Flat Of NAGLs (sleeve), Thursday, 15 March 2012 20:10 (fourteen years ago)

Anastasia Screamed

Feebs K-Tel (NickB), Thursday, 15 March 2012 20:10 (fourteen years ago)

Dead Horse were a fucking awesome live band, the're overlooked?

JacobSanders, Thursday, 15 March 2012 20:11 (fourteen years ago)

Cherubs were a cool band

grandavis, Thursday, 15 March 2012 20:12 (fourteen years ago)

speaking of noisy/heavy texas psyche on trance syndicate, THE CHERUBS. never loved the band, but this song, "CARJACK FAIRY" is another of my alltime 90s favorites. absolutely pulverizing, but in the hypnotic, mush-brained way i love best:

https://www.youtube.com/watch?v=n8TqL1SMPyA

"i can't steal this car alone..."

recently covered by red fang, and so maybe due for a reappraisal?

Fozzy Osbourne (contenderizer), Thursday, 15 March 2012 20:14 (fourteen years ago)

xp grandavis

Fozzy Osbourne (contenderizer), Thursday, 15 March 2012 20:15 (fourteen years ago)

Freedom Fighters - My Scientist Friends

super raging but yet poppy at the same time noise punk....they were from Mpls were actually on AmRep right at the time that everyone stopped caring about AmRep, love that band and it's much harder to find/more obscure spinoff Capital! Capital!

both HIGHLY recommended

konybrony (upper mississippi sh@kedown), Thursday, 15 March 2012 20:17 (fourteen years ago)

Just listened to Dead Horse on youtube, maybe they should be forgotten

JacobSanders, Thursday, 15 March 2012 20:20 (fourteen years ago)

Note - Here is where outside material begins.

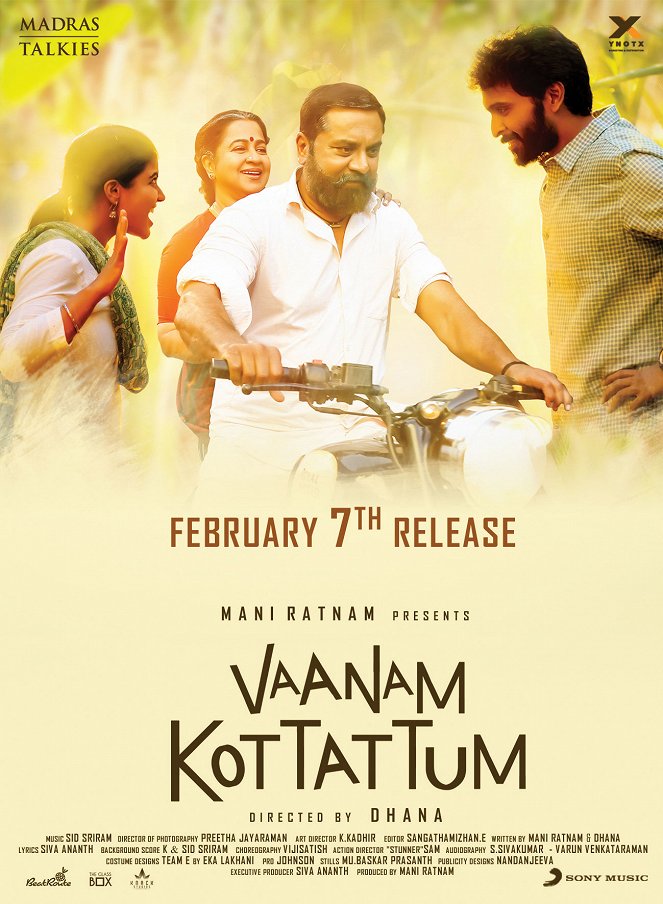 Vaanam Kottattum - Plakate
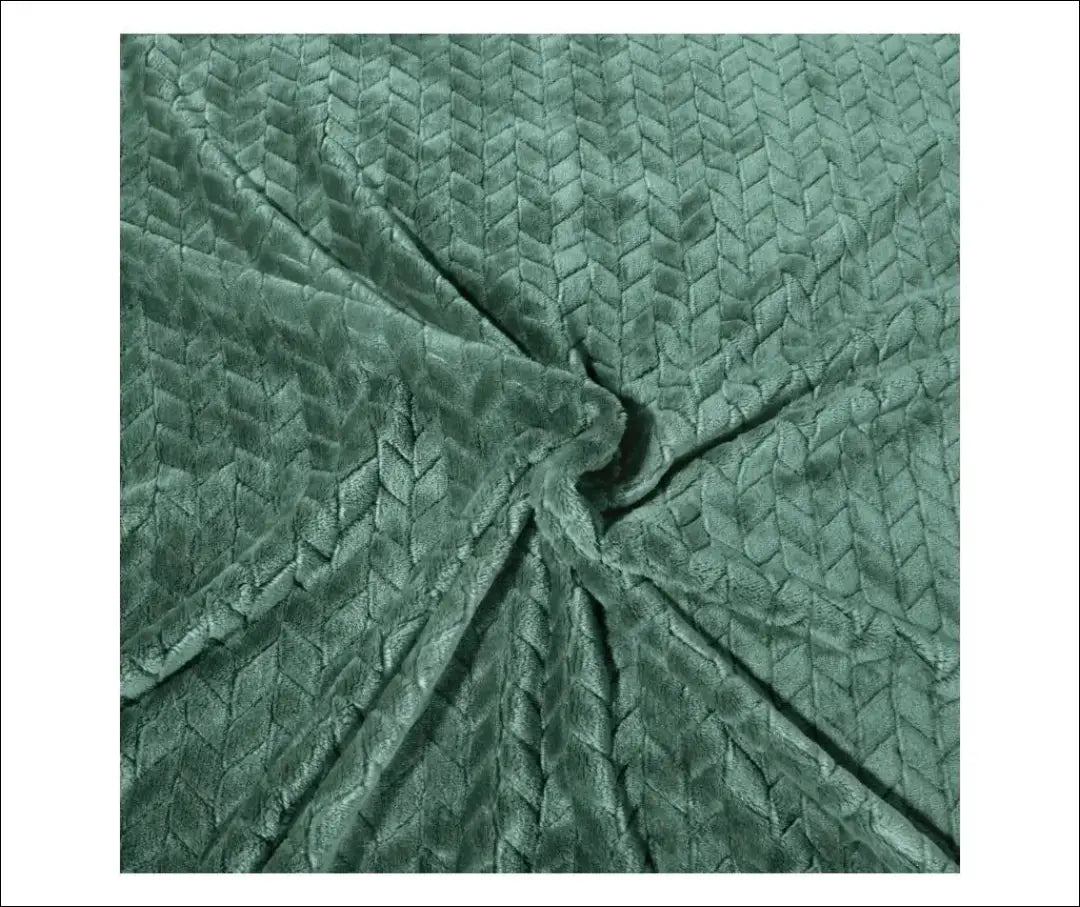 Pledas (150x200cm) DI10261 - €18 Save 70% __label:Pristatymas 1-2 d.d., color-zalia, material-poliesteris, pledai,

Yeah, good Cherubs song above. Can't even remember the names of the songs I like, just one of those bands I would play on radio shows in the 90s. That Pain Teens clip above reminded me that they existed!

grandavis, Thursday, 15 March 2012 20:29 (fourteen years ago)

Speaking of AmRep, here's a track from one-hit-wonder Manchester, UK outfit The Powers That Be, released as a picture-disc single as part of the label's loss-leader "Research and Development Series". Love this song to death, though it's arguably kind of goofy/affected. As far as I know, the band never released anything else, save a compilation track that i've never heard. IT'S A CRUDE SOUND:

Fozzy Osbourne (contenderizer), Thursday, 15 March 2012 20:35 (fourteen years ago)

https://www.youtube.com/watch?v=3A8G-Z2n9cg

Fozzy Osbourne (contenderizer), Thursday, 15 March 2012 20:35 (fourteen years ago)

^ remarkably shitty sound. not sure what i did wrong, but i ripped it years ago when i was just beginning to understand life.

Fozzy Osbourne (contenderizer), Thursday, 15 March 2012 20:37 (fourteen years ago)

I <3 Dead Horse. Horsecore!

The Eyeball Of Hull (Colonel Poo), Thursday, 15 March 2012 20:38 (fourteen years ago)

Paging through my 90s scrapbook, here's the baby-crushing "Throats to Hit" by Honolulu-via-Ellay grunge-pop act Chokebore. First appeared on one of those "R&D Series" singles, then comped on the tour promo EP from which this tube is apparently sourced. Never heard anything else by the band I particularly cared for, but this, the A side to their debut single, just kills me. Much poppier than almost anything else on AmRep, almost Pixies-like on the incredible chorus. So great:

https://www.youtube.com/watch?v=0SQ-DdI3i5k

Fozzy Osbourne (contenderizer), Thursday, 15 March 2012 20:46 (fourteen years ago)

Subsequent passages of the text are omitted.